Die zerstörten Mauern von Jericho gehören derzeit der falschen Zeit an, im alternativen Modell werden aus ihnen wie von unsichtbarer Hand gesteuert die unter Josua zerstörten Mauern. Die Paläste und Pferdestelle in Megiddo aus der späten Bronzezeit sind keinem bekannten Herrscher zuzuordnen, in der alternativen Chronologie sind es wohl die im Alten Testament beschriebenen Bauten Salomos. Plötzlich scheinen Mose, Josua, Josef, David u. a. greifbar zu werden. Grund genug, daß sich nicht nur konservative Bibelwissenschaftler fragen, ob nicht vielleicht einfach die Datierungen falsch sind. Denn immerhin ist das Alte Testament die einzige lückenlose Geschichtsschreibung eines Volkes des Altertums, ja eine der Hauptquellen für das Geschichtskonzept, das den historischen Wissenschaften zugrunde liegt.

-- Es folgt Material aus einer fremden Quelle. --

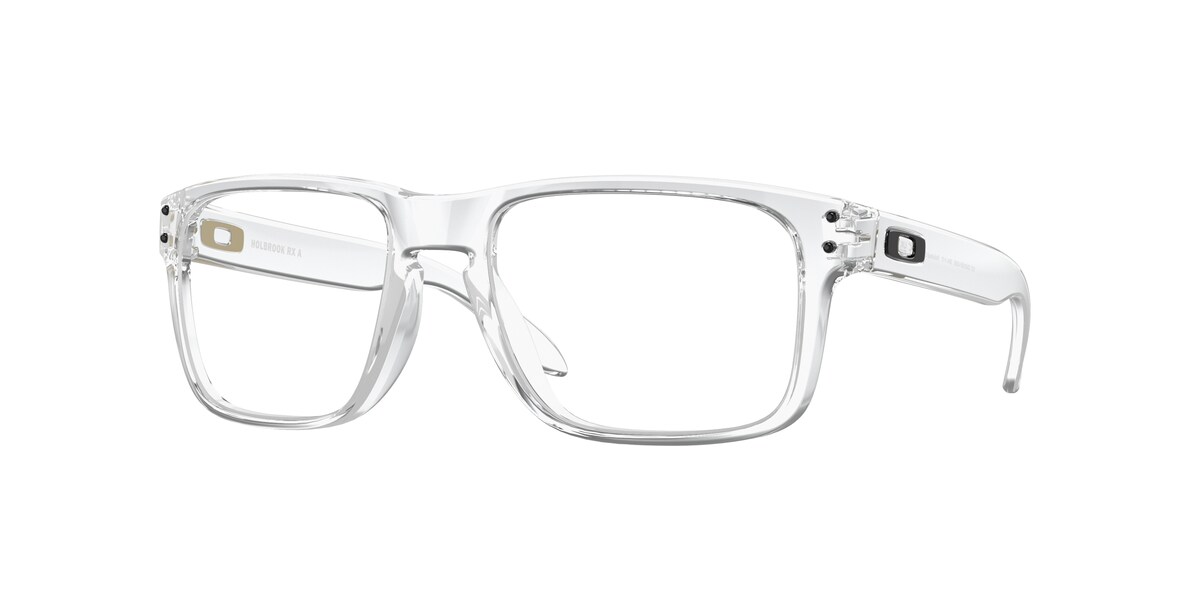กรอบแว่นสายตา OAKLEY OX8100F สี Polished Clear (810003) ที่ร้านแว่น GIFTGREATS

Sollte ein Fehler in der Gesamtchronologie vorliegen, würden unweigerlich biblische Berichte mit den falschen Sichten der Ausgrabungen in Verbindung gebracht und als unglaubwürdig angesehen werden. Wo könnte ein solcher Fehler liegen? Vor allem in dem sog. „dunklen Zeitalter“, einer Zeit, die in Ägypten ebenso wie in den Nachbarkulturen nur durch wenige historische Zeugnisse erhellt wird und schon lange zu Diskussionen Anlaß gibt. Der Unterschied zwischen der traditionellen und der alternativen Chronologie kommt nun zustande, wenn man davon ausgeht, daß die 21. und 22. Dynastie in der sog. Dritten Zwischenzeit der ägyptischen Geschichte nicht vollständig nacheinander regiert haben, sondern sich überlappten.
Im vorliegenden Buch kommen Vertreter unterschiedlicher Modelle zu Wort, die jeweils eine Verkürzung der ägyptischen Chronologie irgendwo zwischen 200 und 350 Jahre andenken oder fordern, auch wenn die Thesen von David Rohl im Mittelpunkt stehen, weniger, weil die Herausgeber sie für die besten halten, sondern vielmehr deswegen, weil sie in ihrer Präsentation am weitesten fortgeschritten ist. Die Übereinstimmung von Altem Testament und Quellen der ägyptischen Geschichte scheint bei Rohl so verblüffend, daß Versuche evangelikaler Alttestamentler, mit der gängigen Chronologie die Glaubwürdigkeit des Alten Testaments zu verteidigen, demgegenüber verblassen – was alleine Rohls Thesen natürlich noch nicht für richtig erklärt, aber Grund genug ist, diese Thematik genauer zu untersuchen.
Man darf jedenfalls gespannt sein, wie die Diskussion weitergeht.